_The records_:
------------------------------------------------

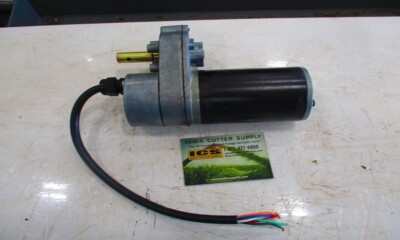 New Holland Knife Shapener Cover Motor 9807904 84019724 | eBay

------------------------------------------------

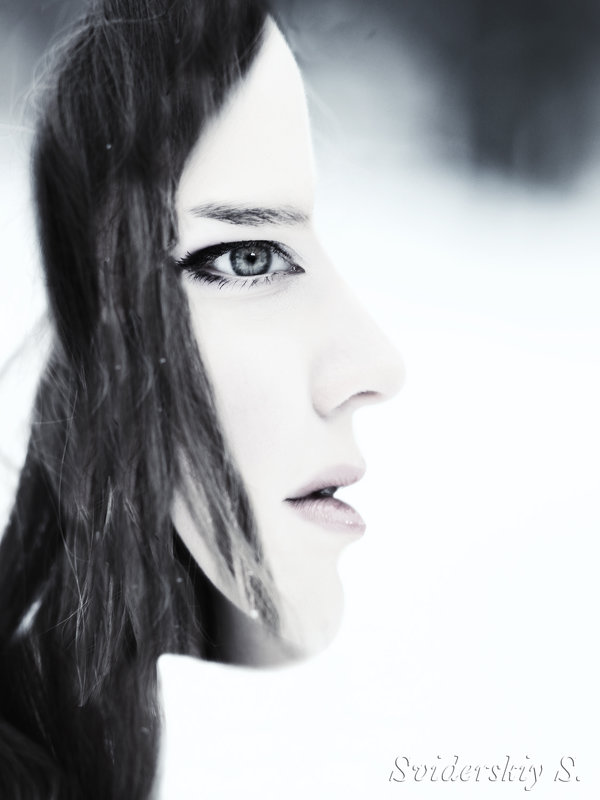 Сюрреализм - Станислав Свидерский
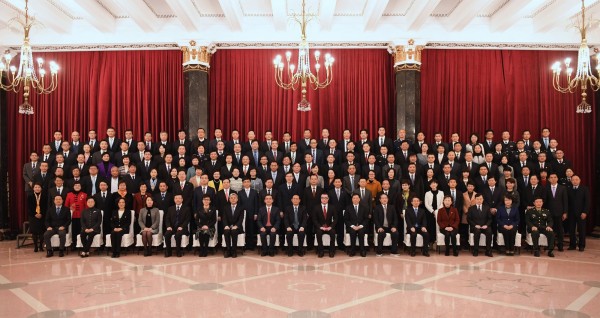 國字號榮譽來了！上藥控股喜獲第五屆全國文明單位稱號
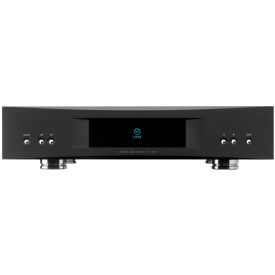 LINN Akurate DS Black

------------------------------------------------

_Exercise goal_:
Excluding any pictures, print exactly the lines of the listing above from the line with "國字號榮譽來了！上藥控股喜獲第五屆全國文明單位稱號" to the line with "LINN Akurate DS Black", both ends included.

_Reply_:
 國字號榮譽來了！上藥控股喜獲第五屆全國文明單位稱號
 LINN Akurate DS Black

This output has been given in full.